A new episode in a long-running conflict has cropped up in Ozone Park: A community group worked with the city to install a pedestrian plaza, but merchants, blaming poor sales on changes to traffic patterns, parking, and plaza upkeep, want the public space removed. A special forum hosted last Thursday by Queens Community Board 10 and DOT gave the two sides a chance to air their views in advance of potential changes. But plaza supporters say the merchants themselves are part of the problem.

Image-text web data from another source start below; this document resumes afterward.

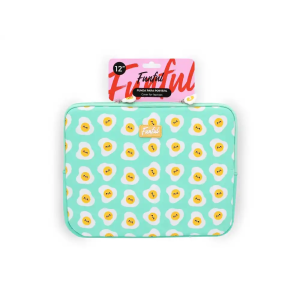 Funda para portatil 12/' funful huevon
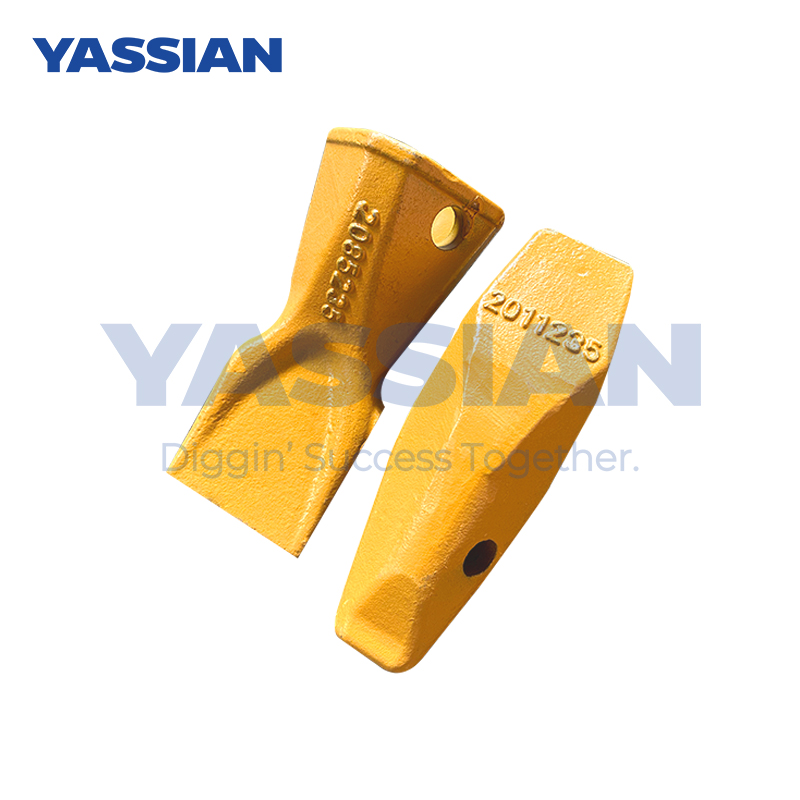 Ковш советы 208-5235 201-1235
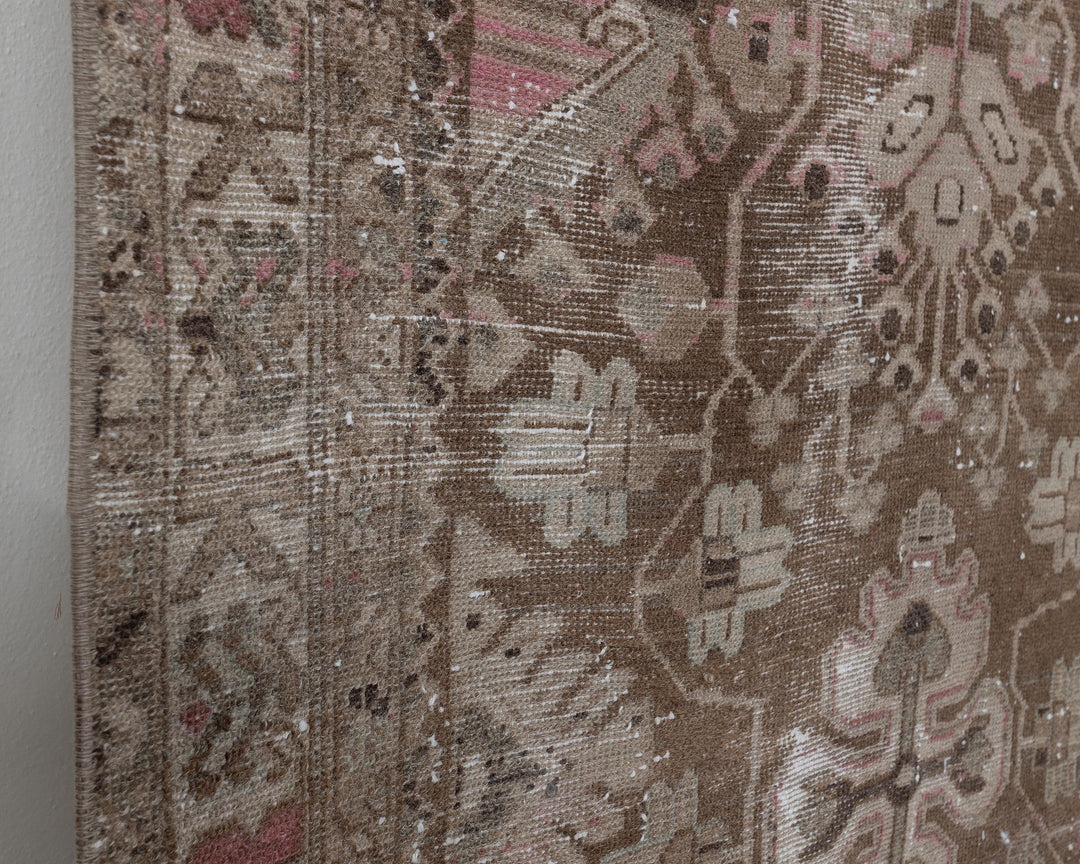 Runner Rug 3' 6" x 9' 6" | No. VR42590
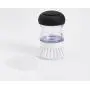 OXO Good Grips Soap Dispensing Palm Brush OXO Good Grips Soap Dispensing Palm Brush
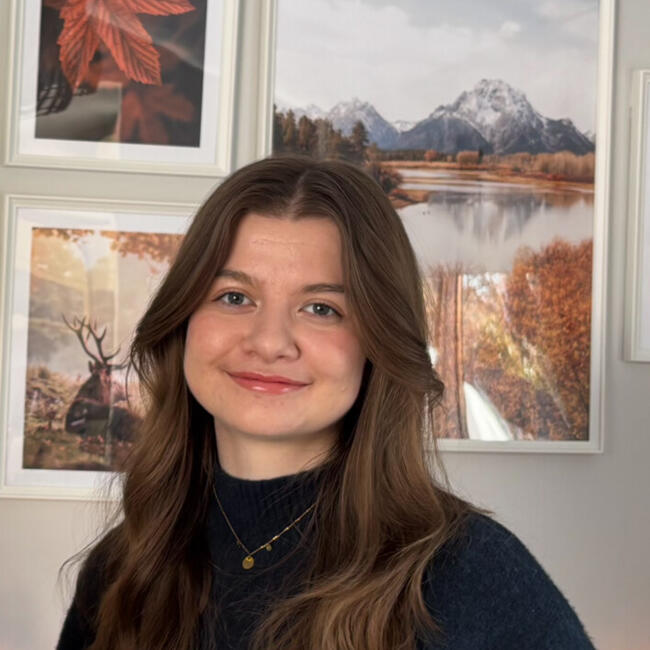 Baby-sitter à Paris: Lucie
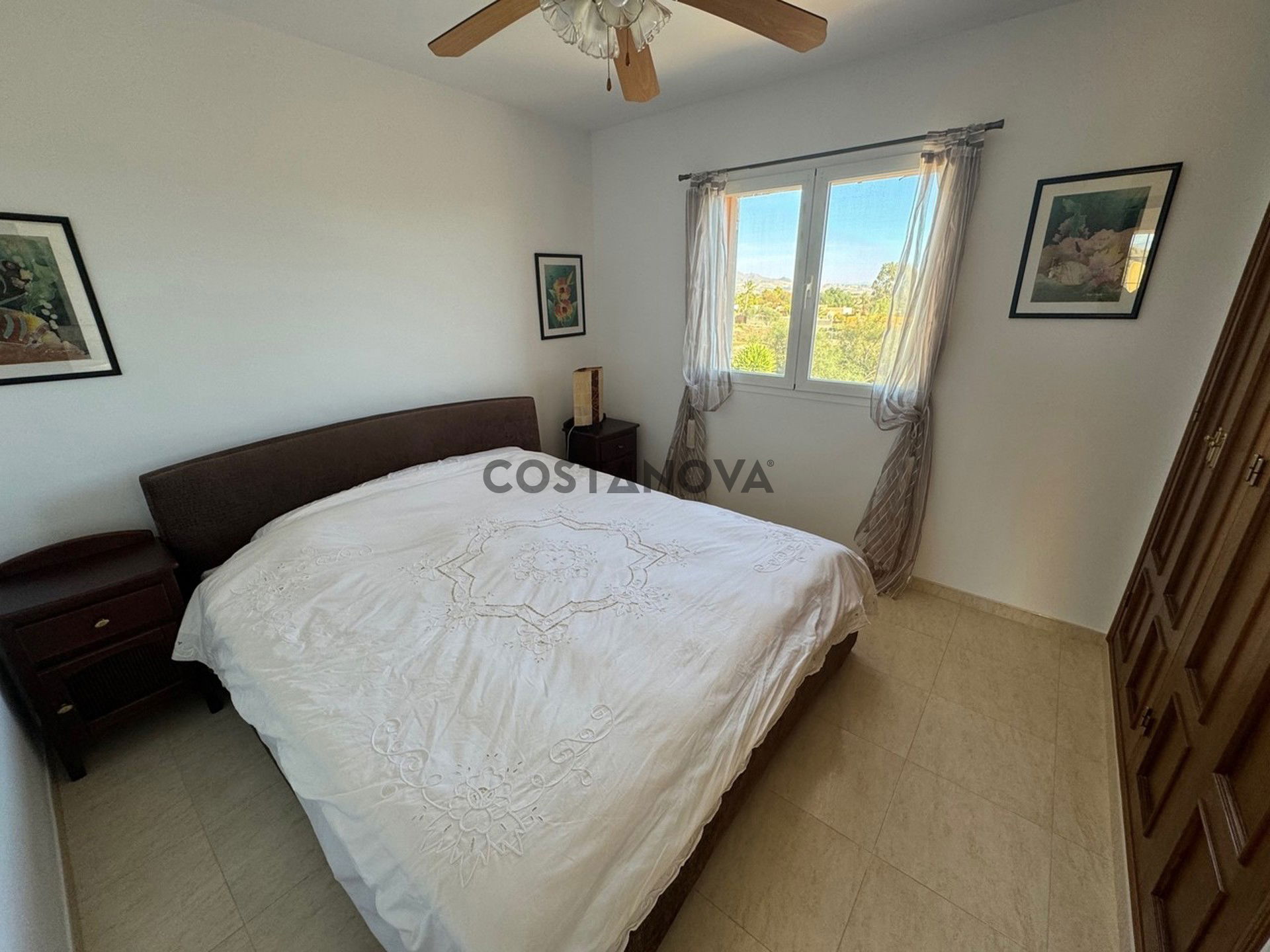 Villa in Cuevas del Almanzora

A plaza in Ozone Park is nearly a year old. Many nearby merchants, saying it's killing business, want it removed. Image: DOT

A plaza in Ozone Park is nearly a year old. Many nearby merchants, saying it’s killing business, want it removed. Image: DOT

Public space is so scarce in Ozone Park that local children use a nearby municipal parking lot as a playing field. The plaza, installed last fall to carve out some more community space, is backed by the Bangladeshi American Community Development and Youth Services Corporation (BACDYS) as a maintenance partner. Early plans called for it to be installed a couple blocks away in Cypress Hills, Brooklyn, but DOT found the design would be better in Ozone Park. The agency held outreach meetings and secured support from, among others, Council Member Eric Ulrich, community boards in both boroughs, and local businesses.

But many business owners in the area are crying foul, saying the plaza has ruined business. They gathered dozens of signatures and outnumbered plaza supporters at last week’s meeting. “We need to remove this plaza,” said Ozone Park Discount Variety and Hardware co-owner Hasib Ali, who estimated that three-quarters of his customers arrive by car. “All customers come in to complain about parking.” Ali’s business partner, Ahmad Ubayda, said shop owners will be hiring an attorney to fight the plaza.

“I do not want this plaza in front of my business. It’s killing the very existence of my business,” said Khemraj Sadoo, owner of Ozone Park First Class Laundry. “We need that plaza to move from there. We need two-way traffic once again.”

The plaza design, which pedestrianized a short section of Drew Street to connect a triangle-shaped pedestrian island with a nearby block, also extends up one block of 101st Avenue, from Drew Street to 76th Street. That block was converted from two-way car traffic to one-way westbound traffic. The plaza resulted in a net loss of what DOT Queens Borough Commissioner Dalila Hall described as “maybe one or two spots” for parking.

To ensure the plan wouldn’t have an outsize negative impact on parking, Hall said the agency performed surveys of parking occupancy before and after the plaza was implemented, and added parking meters to Liberty Avenue in an effort to improve turnover and access for customers. Most of the time, those on-street parking spots are empty,” Hall said of 101st Avenue. “You could always find a spot if you drove up.”